(Source records)
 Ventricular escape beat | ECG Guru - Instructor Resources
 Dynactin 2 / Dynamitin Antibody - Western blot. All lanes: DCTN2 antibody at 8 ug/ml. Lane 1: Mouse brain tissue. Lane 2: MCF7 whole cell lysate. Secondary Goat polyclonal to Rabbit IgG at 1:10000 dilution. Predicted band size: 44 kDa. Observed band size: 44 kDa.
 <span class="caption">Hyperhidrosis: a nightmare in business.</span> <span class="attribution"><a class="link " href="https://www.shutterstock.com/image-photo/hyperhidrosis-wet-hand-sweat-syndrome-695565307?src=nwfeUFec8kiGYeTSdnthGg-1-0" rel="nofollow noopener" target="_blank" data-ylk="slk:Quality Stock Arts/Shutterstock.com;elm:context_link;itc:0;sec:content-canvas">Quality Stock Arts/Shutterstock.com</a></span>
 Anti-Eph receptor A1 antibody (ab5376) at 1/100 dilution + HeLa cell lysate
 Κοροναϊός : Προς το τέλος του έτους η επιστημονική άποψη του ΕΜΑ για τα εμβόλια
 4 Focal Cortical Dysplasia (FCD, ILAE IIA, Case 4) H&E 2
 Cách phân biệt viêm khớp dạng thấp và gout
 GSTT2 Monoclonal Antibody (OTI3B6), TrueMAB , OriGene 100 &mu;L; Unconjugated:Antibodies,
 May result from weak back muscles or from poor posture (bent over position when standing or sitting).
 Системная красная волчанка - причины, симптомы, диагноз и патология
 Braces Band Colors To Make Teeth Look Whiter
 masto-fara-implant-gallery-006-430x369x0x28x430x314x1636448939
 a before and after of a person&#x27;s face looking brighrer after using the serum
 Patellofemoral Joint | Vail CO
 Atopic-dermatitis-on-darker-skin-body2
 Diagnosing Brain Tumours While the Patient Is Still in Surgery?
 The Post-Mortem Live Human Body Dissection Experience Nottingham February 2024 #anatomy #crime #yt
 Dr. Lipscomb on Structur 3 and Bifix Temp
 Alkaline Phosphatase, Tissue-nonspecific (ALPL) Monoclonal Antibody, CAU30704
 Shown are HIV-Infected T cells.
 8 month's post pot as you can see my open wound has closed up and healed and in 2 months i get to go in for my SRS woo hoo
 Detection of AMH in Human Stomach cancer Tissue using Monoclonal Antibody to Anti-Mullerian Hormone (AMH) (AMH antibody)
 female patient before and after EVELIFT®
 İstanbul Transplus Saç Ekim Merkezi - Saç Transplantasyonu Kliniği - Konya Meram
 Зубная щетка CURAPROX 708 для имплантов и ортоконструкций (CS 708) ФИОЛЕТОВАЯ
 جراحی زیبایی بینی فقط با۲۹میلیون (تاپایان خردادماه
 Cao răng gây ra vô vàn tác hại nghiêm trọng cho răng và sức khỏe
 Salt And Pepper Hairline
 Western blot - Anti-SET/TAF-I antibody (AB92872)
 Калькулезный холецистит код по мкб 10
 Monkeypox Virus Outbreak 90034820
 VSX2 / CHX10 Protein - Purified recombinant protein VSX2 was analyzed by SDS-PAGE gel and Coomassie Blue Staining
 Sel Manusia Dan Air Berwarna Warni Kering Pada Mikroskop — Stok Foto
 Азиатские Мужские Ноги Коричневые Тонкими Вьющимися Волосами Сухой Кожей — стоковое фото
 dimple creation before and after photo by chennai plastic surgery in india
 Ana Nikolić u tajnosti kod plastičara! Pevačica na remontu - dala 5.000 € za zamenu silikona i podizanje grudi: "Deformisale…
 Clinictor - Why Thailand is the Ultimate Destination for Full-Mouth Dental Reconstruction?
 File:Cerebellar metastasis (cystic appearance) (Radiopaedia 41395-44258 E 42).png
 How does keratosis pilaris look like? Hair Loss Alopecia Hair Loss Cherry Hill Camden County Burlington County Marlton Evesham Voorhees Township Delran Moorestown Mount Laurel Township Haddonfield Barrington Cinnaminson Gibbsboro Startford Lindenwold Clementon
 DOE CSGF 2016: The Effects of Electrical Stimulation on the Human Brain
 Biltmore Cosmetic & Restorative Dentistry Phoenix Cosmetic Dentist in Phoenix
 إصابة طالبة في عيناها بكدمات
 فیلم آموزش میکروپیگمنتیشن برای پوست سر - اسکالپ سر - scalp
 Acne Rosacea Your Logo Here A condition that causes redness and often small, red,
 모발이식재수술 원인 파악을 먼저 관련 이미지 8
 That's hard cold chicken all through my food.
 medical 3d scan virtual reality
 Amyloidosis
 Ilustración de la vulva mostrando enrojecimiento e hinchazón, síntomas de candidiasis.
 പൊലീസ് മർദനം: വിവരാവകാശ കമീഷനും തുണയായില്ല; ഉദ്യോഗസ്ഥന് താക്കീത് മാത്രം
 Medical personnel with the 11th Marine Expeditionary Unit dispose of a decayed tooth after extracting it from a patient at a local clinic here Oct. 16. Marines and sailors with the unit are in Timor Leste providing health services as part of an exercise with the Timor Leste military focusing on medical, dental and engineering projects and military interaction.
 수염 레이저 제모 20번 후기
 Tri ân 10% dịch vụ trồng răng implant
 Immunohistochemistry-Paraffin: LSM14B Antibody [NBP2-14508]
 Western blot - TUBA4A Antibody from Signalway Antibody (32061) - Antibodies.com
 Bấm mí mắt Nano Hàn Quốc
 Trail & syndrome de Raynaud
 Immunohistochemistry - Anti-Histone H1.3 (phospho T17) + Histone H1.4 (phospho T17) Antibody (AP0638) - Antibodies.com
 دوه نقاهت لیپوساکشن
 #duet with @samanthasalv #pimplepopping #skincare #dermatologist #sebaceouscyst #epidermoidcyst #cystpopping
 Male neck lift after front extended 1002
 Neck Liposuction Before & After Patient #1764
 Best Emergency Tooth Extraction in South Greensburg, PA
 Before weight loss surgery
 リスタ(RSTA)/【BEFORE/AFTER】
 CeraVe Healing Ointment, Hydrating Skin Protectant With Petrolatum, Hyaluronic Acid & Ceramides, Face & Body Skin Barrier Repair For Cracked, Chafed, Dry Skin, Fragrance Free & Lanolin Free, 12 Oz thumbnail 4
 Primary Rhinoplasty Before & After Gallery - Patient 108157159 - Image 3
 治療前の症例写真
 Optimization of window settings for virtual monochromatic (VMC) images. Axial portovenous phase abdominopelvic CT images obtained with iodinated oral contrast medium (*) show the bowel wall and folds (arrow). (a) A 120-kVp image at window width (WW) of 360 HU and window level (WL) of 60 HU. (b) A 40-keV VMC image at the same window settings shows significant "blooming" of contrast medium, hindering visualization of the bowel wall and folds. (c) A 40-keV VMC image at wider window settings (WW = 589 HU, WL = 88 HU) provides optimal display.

• [Task statement]:
The answer should be the full set of records, reproduced exactly.

• [Task answer]:
 Ventricular escape beat | ECG Guru - Instructor Resources
 Dynactin 2 / Dynamitin Antibody - Western blot. All lanes: DCTN2 antibody at 8 ug/ml. Lane 1: Mouse brain tissue. Lane 2: MCF7 whole cell lysate. Secondary Goat polyclonal to Rabbit IgG at 1:10000 dilution. Predicted band size: 44 kDa. Observed band size: 44 kDa.
 <span class="caption">Hyperhidrosis: a nightmare in business.</span> <span class="attribution"><a class="link " href="https://www.shutterstock.com/image-photo/hyperhidrosis-wet-hand-sweat-syndrome-695565307?src=nwfeUFec8kiGYeTSdnthGg-1-0" rel="nofollow noopener" target="_blank" data-ylk="slk:Quality Stock Arts/Shutterstock.com;elm:context_link;itc:0;sec:content-canvas">Quality Stock Arts/Shutterstock.com</a></span>
 Anti-Eph receptor A1 antibody (ab5376) at 1/100 dilution + HeLa cell lysate
 Κοροναϊός : Προς το τέλος του έτους η επιστημονική άποψη του ΕΜΑ για τα εμβόλια
 4 Focal Cortical Dysplasia (FCD, ILAE IIA, Case 4) H&E 2
 Cách phân biệt viêm khớp dạng thấp và gout
 GSTT2 Monoclonal Antibody (OTI3B6), TrueMAB , OriGene 100 &mu;L; Unconjugated:Antibodies,
 May result from weak back muscles or from poor posture (bent over position when standing or sitting).
 Системная красная волчанка - причины, симптомы, диагноз и патология
 Braces Band Colors To Make Teeth Look Whiter
 masto-fara-implant-gallery-006-430x369x0x28x430x314x1636448939
 a before and after of a person&#x27;s face looking brighrer after using the serum
 Patellofemoral Joint | Vail CO
 Atopic-dermatitis-on-darker-skin-body2
 Diagnosing Brain Tumours While the Patient Is Still in Surgery?
 The Post-Mortem Live Human Body Dissection Experience Nottingham February 2024 #anatomy #crime #yt
 Dr. Lipscomb on Structur 3 and Bifix Temp
 Alkaline Phosphatase, Tissue-nonspecific (ALPL) Monoclonal Antibody, CAU30704
 Shown are HIV-Infected T cells.
 8 month's post pot as you can see my open wound has closed up and healed and in 2 months i get to go in for my SRS woo hoo
 Detection of AMH in Human Stomach cancer Tissue using Monoclonal Antibody to Anti-Mullerian Hormone (AMH) (AMH antibody)
 female patient before and after EVELIFT®
 İstanbul Transplus Saç Ekim Merkezi - Saç Transplantasyonu Kliniği - Konya Meram
 Зубная щетка CURAPROX 708 для имплантов и ортоконструкций (CS 708) ФИОЛЕТОВАЯ
 جراحی زیبایی بینی فقط با۲۹میلیون (تاپایان خردادماه
 Cao răng gây ra vô vàn tác hại nghiêm trọng cho răng và sức khỏe
 Salt And Pepper Hairline
 Western blot - Anti-SET/TAF-I antibody (AB92872)
 Калькулезный холецистит код по мкб 10
 Monkeypox Virus Outbreak 90034820
 VSX2 / CHX10 Protein - Purified recombinant protein VSX2 was analyzed by SDS-PAGE gel and Coomassie Blue Staining
 Sel Manusia Dan Air Berwarna Warni Kering Pada Mikroskop — Stok Foto
 Азиатские Мужские Ноги Коричневые Тонкими Вьющимися Волосами Сухой Кожей — стоковое фото
 dimple creation before and after photo by chennai plastic surgery in india
 Ana Nikolić u tajnosti kod plastičara! Pevačica na remontu - dala 5.000 € za zamenu silikona i podizanje grudi: "Deformisale…
 Clinictor - Why Thailand is the Ultimate Destination for Full-Mouth Dental Reconstruction?
 File:Cerebellar metastasis (cystic appearance) (Radiopaedia 41395-44258 E 42).png
 How does keratosis pilaris look like? Hair Loss Alopecia Hair Loss Cherry Hill Camden County Burlington County Marlton Evesham Voorhees Township Delran Moorestown Mount Laurel Township Haddonfield Barrington Cinnaminson Gibbsboro Startford Lindenwold Clementon
 DOE CSGF 2016: The Effects of Electrical Stimulation on the Human Brain
 Biltmore Cosmetic & Restorative Dentistry Phoenix Cosmetic Dentist in Phoenix
 إصابة طالبة في عيناها بكدمات
 فیلم آموزش میکروپیگمنتیشن برای پوست سر - اسکالپ سر - scalp
 Acne Rosacea Your Logo Here A condition that causes redness and often small, red,
 모발이식재수술 원인 파악을 먼저 관련 이미지 8
 That's hard cold chicken all through my food.
 medical 3d scan virtual reality
 Amyloidosis
 Ilustración de la vulva mostrando enrojecimiento e hinchazón, síntomas de candidiasis.
 പൊലീസ് മർദനം: വിവരാവകാശ കമീഷനും തുണയായില്ല; ഉദ്യോഗസ്ഥന് താക്കീത് മാത്രം
 Medical personnel with the 11th Marine Expeditionary Unit dispose of a decayed tooth after extracting it from a patient at a local clinic here Oct. 16. Marines and sailors with the unit are in Timor Leste providing health services as part of an exercise with the Timor Leste military focusing on medical, dental and engineering projects and military interaction.
 수염 레이저 제모 20번 후기
 Tri ân 10% dịch vụ trồng răng implant
 Immunohistochemistry-Paraffin: LSM14B Antibody [NBP2-14508]
 Western blot - TUBA4A Antibody from Signalway Antibody (32061) - Antibodies.com
 Bấm mí mắt Nano Hàn Quốc
 Trail & syndrome de Raynaud
 Immunohistochemistry - Anti-Histone H1.3 (phospho T17) + Histone H1.4 (phospho T17) Antibody (AP0638) - Antibodies.com
 دوه نقاهت لیپوساکشن
 #duet with @samanthasalv #pimplepopping #skincare #dermatologist #sebaceouscyst #epidermoidcyst #cystpopping
 Male neck lift after front extended 1002
 Neck Liposuction Before & After Patient #1764
 Best Emergency Tooth Extraction in South Greensburg, PA
 Before weight loss surgery
 リスタ(RSTA)/【BEFORE/AFTER】
 CeraVe Healing Ointment, Hydrating Skin Protectant With Petrolatum, Hyaluronic Acid & Ceramides, Face & Body Skin Barrier Repair For Cracked, Chafed, Dry Skin, Fragrance Free & Lanolin Free, 12 Oz thumbnail 4
 Primary Rhinoplasty Before & After Gallery - Patient 108157159 - Image 3
 治療前の症例写真
 Optimization of window settings for virtual monochromatic (VMC) images. Axial portovenous phase abdominopelvic CT images obtained with iodinated oral contrast medium (*) show the bowel wall and folds (arrow). (a) A 120-kVp image at window width (WW) of 360 HU and window level (WL) of 60 HU. (b) A 40-keV VMC image at the same window settings shows significant "blooming" of contrast medium, hindering visualization of the bowel wall and folds. (c) A 40-keV VMC image at wider window settings (WW = 589 HU, WL = 88 HU) provides optimal display.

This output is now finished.